VERA DRAKE (Mike Leigh, 2004)
Imelda Staunton stars as the title character in VERA DRAKE, the new film from writer-director Mike Leigh. Vera is the model of the post-World War II working class wife in 1950s London. She cleans houses to help with expenses and cares for the ill and the lonely in her neighborhood. From all appearances, she’s the sweetest, most innocent person in the world. Secretly, though, Vera “helps young girls with their problems”, or, in other words, performs illegal abortions.
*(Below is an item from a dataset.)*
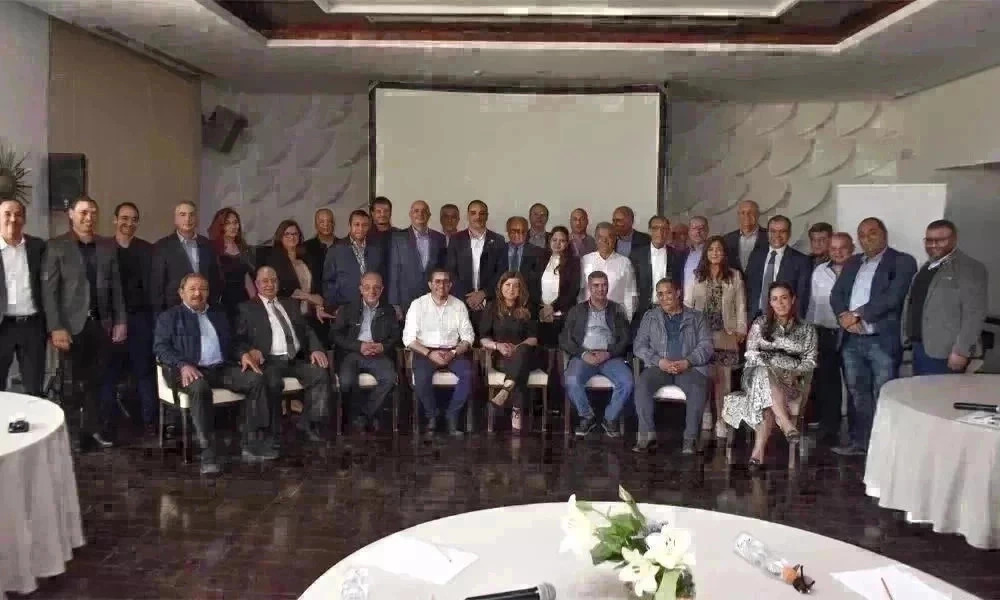 Renouvellement du partenariat entre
There are probably few subjects more inflammatory for a film than abortion, but Leigh’s evenhanded treatment approaches the issue from a realistic perspective than a rhetorical one. Leigh doesn’t shy away from the actuality of what Vera does. He shows us the procedure and explains how it works. Some of the women depicted don’t think twice about choosing to have abortions while others experience great physical and emotional anguish. Leigh examines the public health and economic issues that affect why some women are able to terminate their pregnancies without any trouble from the law and why others must do so in hiding. Although those in opposing camps would have us believe otherwise, determining whether abortion should be legal is not simple. While I think Leigh has a specific viewpoint, his film is slippery to pin down and is stronger because of it. The toll of abortion and the consequences of its illegality are balanced, leaving us to decide what to make of it all. VERA DRAKE succeeds because Leigh is not interested in sloganeering but in looking at the human and moral cost. Vera is an apolitical character who, correctly or not, ignores the law to do what she believes is right for these women. Staunton’s tender performance puts a face on the struggle. Her conflict is society’s. VERA DRAKE’S expert framing mitigates the combustible subject matter.